> _Brief_: Transcribe, word for word, only the lines from the one containing "203 Ivens Trail Tr, Madisonville" through the end of the material below. Pictures stay out.

> _Source information_:
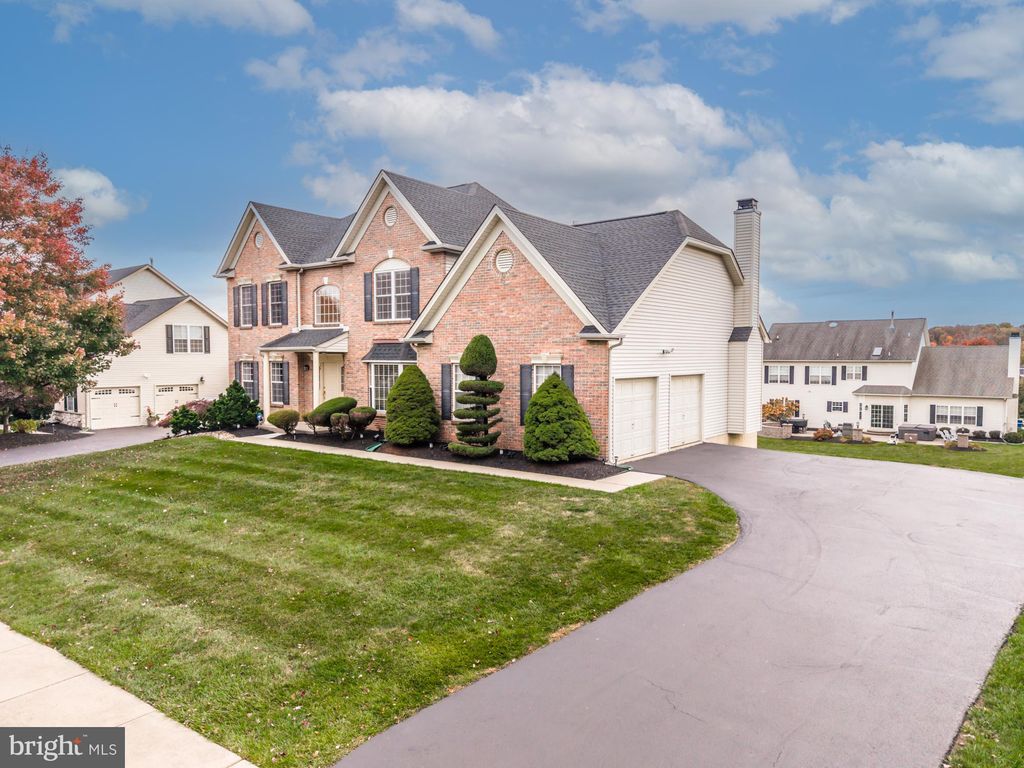 Photo of 120 Statesman Road, CHALFONT, PA 18914 (MLS # PABU2108034)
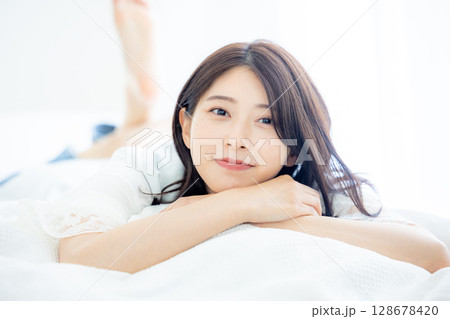 寝室で目覚める若い女性 寝室で目覚める若い女性 128678420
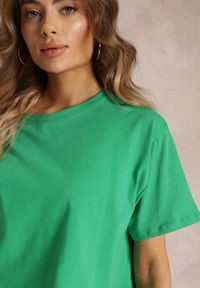 Renee - Zielony T-shirt o Fasonie Cropped Oversize Brighta. Okazja: na co dzień. Kolor: zielony. Styl: elegancki, casual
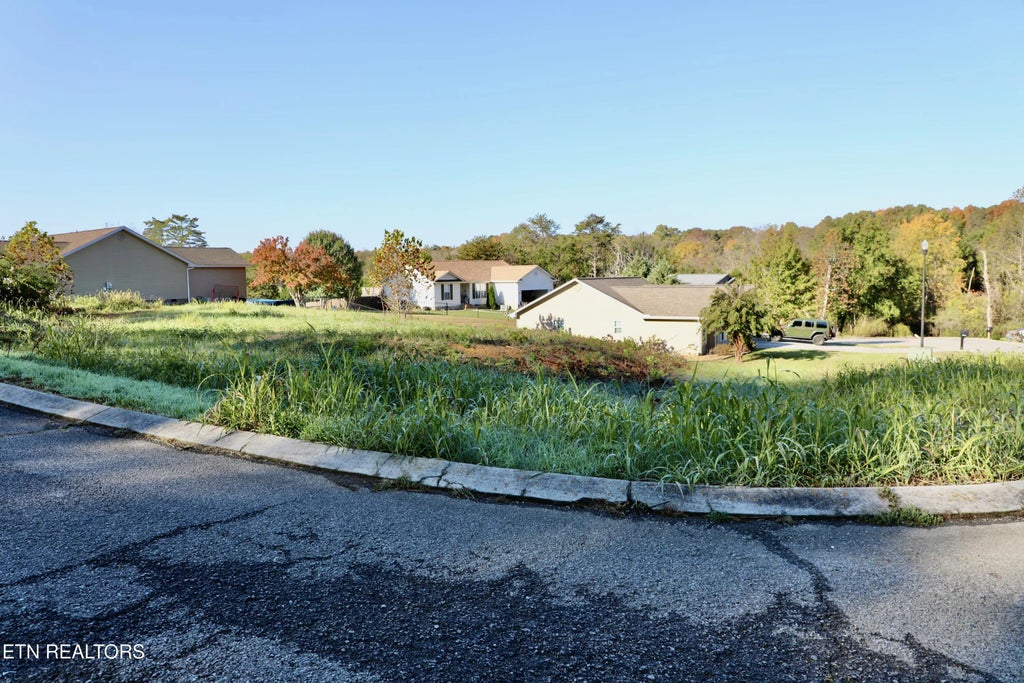 203 Ivens Trail Tr, Madisonville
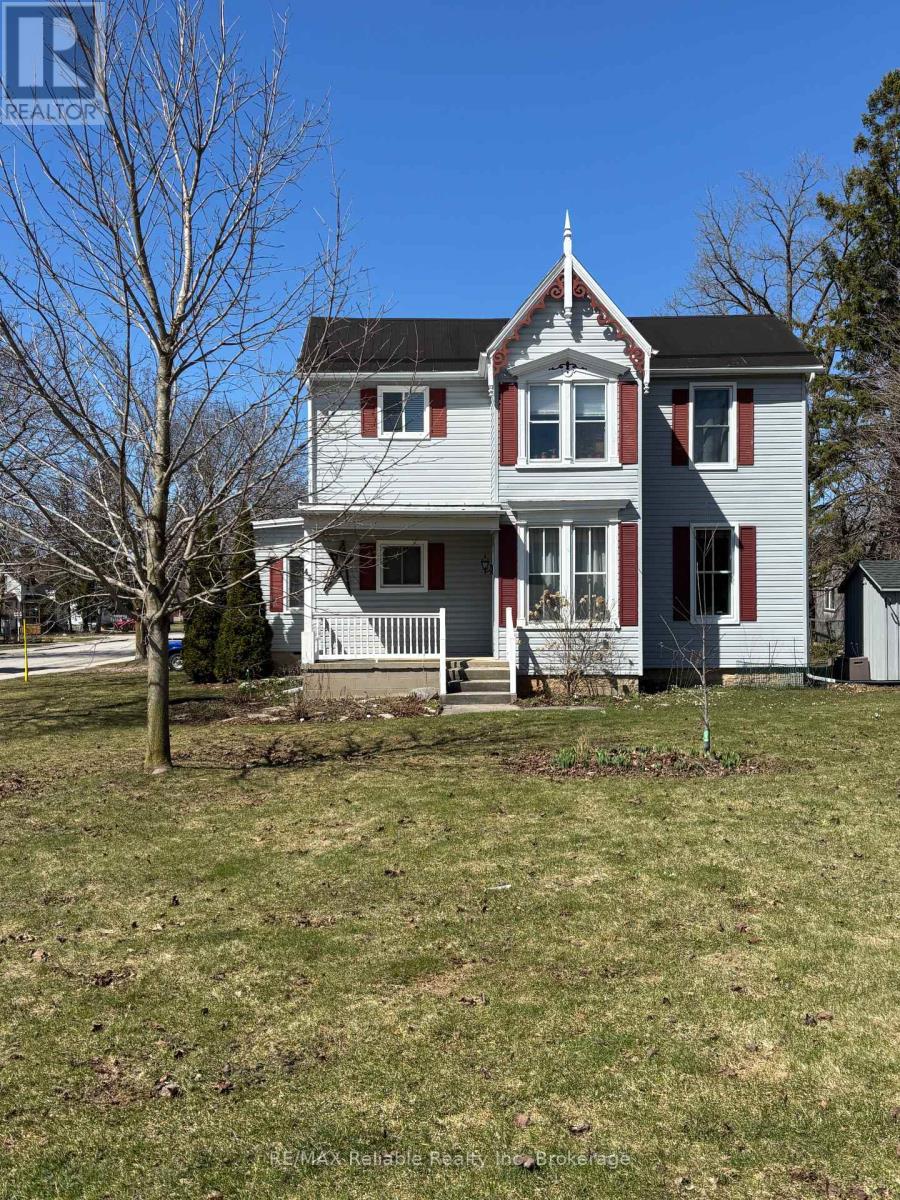 43 Jarvis Street N, Huron East, Ontario  N0K 1W0 - Photo 2 - X11965369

> _Final answer_:
 203 Ivens Trail Tr, Madisonville
 43 Jarvis Street N, Huron East, Ontario  N0K 1W0 - Photo 2 - X11965369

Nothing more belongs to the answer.